§ **Problem to solve**
Set down each line of the data below exactly as it stands, dropping the pictures.

§ **Source data**
'''

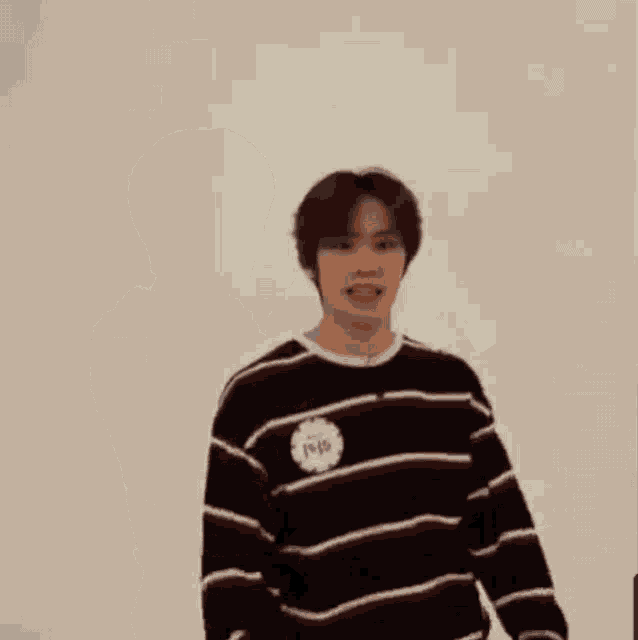 a man in a striped sweater is making a heart with his hands .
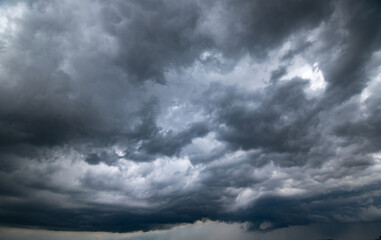 dark storm clouds with background,Dark clouds before a thunder-storm.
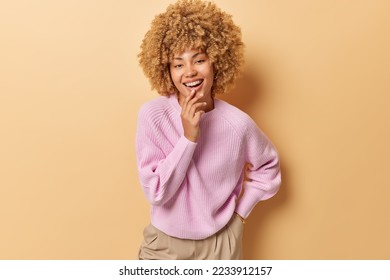 Horizontal shot of good looking glad woman looks with curious expression keeps hand on chin smiles toothily wears casual pink jumper and trousers keeps hand in pocket isolated over beige wall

'''

§ **Task result**
 a man in a striped sweater is making a heart with his hands .
 dark storm clouds with background,Dark clouds before a thunder-storm.
 Horizontal shot of good looking glad woman looks with curious expression keeps hand on chin smiles toothily wears casual pink jumper and trousers keeps hand in pocket isolated over beige wall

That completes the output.